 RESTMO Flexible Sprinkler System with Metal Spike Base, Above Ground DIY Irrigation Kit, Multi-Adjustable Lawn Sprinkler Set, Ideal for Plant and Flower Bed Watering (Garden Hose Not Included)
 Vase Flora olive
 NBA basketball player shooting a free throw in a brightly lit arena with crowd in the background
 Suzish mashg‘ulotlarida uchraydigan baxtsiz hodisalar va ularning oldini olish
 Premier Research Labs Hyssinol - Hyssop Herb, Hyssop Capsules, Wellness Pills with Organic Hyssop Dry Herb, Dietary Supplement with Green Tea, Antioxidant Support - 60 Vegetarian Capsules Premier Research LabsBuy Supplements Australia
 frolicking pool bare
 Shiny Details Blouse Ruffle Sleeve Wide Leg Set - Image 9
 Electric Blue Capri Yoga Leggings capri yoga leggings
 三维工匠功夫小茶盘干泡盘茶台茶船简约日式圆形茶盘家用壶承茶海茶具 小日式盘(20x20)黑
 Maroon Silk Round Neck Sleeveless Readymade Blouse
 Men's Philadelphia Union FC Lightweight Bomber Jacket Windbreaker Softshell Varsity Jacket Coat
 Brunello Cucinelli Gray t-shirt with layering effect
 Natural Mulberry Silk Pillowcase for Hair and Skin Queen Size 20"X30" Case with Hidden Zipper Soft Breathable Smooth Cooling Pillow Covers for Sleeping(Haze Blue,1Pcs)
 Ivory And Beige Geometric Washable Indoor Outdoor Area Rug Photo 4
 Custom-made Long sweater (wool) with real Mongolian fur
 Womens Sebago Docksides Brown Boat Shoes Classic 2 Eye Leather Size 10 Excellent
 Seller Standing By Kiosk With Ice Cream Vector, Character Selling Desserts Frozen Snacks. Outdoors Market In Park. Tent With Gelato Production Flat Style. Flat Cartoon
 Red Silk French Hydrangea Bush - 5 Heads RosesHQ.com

| What is being asked |
Each line of the material above that includes the word "Blue" counts once; give the total number alone.

| Answer to the problem |
2